(MATERIAL SUPPLIED Opens)
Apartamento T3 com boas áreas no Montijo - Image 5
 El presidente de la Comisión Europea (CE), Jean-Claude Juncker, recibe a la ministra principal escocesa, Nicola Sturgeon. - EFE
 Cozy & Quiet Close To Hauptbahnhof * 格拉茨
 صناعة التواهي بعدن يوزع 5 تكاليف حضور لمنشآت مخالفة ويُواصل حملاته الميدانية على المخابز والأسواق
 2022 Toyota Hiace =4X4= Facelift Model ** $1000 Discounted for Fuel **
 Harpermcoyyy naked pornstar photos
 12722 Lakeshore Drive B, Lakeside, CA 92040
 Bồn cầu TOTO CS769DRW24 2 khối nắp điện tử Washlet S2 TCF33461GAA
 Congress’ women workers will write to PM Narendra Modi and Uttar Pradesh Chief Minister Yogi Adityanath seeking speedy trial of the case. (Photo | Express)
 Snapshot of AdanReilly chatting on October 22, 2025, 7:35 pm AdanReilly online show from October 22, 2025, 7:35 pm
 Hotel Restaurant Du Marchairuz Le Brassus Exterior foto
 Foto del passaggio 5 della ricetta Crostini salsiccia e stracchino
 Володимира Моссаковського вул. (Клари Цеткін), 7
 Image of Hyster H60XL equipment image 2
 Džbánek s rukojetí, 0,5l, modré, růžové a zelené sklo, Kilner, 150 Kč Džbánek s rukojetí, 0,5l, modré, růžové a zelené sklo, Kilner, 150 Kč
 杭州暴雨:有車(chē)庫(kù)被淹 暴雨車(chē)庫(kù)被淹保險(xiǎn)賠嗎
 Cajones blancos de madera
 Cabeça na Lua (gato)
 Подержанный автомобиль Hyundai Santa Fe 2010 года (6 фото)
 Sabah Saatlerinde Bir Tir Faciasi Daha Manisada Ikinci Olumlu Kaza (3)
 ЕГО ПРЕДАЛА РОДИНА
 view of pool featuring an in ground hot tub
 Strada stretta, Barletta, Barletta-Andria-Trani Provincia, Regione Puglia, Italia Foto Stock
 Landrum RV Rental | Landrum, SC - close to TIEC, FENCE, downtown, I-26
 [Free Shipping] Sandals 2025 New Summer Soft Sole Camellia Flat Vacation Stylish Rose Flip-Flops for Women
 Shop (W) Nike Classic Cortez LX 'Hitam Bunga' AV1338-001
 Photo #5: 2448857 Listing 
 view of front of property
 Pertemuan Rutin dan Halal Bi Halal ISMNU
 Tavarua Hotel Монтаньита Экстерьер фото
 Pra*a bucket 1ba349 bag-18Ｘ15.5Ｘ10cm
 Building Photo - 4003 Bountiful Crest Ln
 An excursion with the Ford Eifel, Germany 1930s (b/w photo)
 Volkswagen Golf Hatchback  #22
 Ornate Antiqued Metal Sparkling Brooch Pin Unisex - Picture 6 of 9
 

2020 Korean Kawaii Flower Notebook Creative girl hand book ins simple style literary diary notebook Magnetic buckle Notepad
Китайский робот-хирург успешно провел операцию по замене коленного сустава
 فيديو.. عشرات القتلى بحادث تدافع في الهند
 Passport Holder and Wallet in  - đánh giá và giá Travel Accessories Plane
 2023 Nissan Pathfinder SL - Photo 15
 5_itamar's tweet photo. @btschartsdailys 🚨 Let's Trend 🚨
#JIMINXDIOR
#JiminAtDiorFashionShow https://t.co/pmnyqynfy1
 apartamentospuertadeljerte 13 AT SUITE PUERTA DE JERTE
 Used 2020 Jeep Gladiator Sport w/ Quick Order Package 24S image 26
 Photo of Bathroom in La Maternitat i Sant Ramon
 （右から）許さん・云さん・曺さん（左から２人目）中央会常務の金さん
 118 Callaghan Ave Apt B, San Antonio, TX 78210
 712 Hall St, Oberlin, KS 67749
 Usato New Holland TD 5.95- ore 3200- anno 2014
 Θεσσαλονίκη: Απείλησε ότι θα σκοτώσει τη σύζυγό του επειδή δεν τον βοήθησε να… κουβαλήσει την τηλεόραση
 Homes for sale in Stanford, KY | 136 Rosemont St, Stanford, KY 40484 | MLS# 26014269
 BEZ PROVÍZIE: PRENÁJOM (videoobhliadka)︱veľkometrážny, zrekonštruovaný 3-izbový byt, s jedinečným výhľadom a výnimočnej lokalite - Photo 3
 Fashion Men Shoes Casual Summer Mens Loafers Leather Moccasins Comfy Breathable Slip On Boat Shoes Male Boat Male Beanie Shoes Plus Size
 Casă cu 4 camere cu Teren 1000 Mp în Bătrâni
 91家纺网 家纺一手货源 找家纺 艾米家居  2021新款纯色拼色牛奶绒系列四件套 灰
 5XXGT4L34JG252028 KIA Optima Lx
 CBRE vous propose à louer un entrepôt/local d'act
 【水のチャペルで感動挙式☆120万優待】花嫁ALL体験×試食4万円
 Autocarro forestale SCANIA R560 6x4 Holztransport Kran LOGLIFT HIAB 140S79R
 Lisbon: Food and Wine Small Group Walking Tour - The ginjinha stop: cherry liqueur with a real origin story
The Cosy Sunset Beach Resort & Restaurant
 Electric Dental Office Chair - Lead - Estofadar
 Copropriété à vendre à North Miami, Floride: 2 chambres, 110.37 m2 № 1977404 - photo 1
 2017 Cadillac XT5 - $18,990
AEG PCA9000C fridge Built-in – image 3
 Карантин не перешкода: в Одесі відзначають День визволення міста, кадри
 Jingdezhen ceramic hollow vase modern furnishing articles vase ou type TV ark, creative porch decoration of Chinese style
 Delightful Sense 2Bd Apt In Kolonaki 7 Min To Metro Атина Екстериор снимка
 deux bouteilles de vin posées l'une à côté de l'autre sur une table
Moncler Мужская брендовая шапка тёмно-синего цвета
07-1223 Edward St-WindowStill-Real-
(MATERIAL SUPPLIED Closes)
→ **WHAT IS BEING ASKED**: Print only the lines from the one with "Fashion Men Shoes" to the end of the records, both included.

→ **SOLUTION TO THE PROBLEM**:
 Fashion Men Shoes Casual Summer Mens Loafers Leather Moccasins Comfy Breathable Slip On Boat Shoes Male Boat Male Beanie Shoes Plus Size
 Casă cu 4 camere cu Teren 1000 Mp în Bătrâni
 91家纺网 家纺一手货源 找家纺 艾米家居  2021新款纯色拼色牛奶绒系列四件套 灰
 5XXGT4L34JG252028 KIA Optima Lx
 CBRE vous propose à louer un entrepôt/local d'act
 【水のチャペルで感動挙式☆120万優待】花嫁ALL体験×試食4万円
 Autocarro forestale SCANIA R560 6x4 Holztransport Kran LOGLIFT HIAB 140S79R
 Lisbon: Food and Wine Small Group Walking Tour - The ginjinha stop: cherry liqueur with a real origin story
The Cosy Sunset Beach Resort & Restaurant
 Electric Dental Office Chair - Lead - Estofadar
 Copropriété à vendre à North Miami, Floride: 2 chambres, 110.37 m2 № 1977404 - photo 1
 2017 Cadillac XT5 - $18,990
AEG PCA9000C fridge Built-in – image 3
 Карантин не перешкода: в Одесі відзначають День визволення міста, кадри
 Jingdezhen ceramic hollow vase modern furnishing articles vase ou type TV ark, creative porch decoration of Chinese style
 Delightful Sense 2Bd Apt In Kolonaki 7 Min To Metro Атина Екстериор снимка
 deux bouteilles de vin posées l'une à côté de l'autre sur une table
Moncler Мужская брендовая шапка тёмно-синего цвета
07-1223 Edward St-WindowStill-Real-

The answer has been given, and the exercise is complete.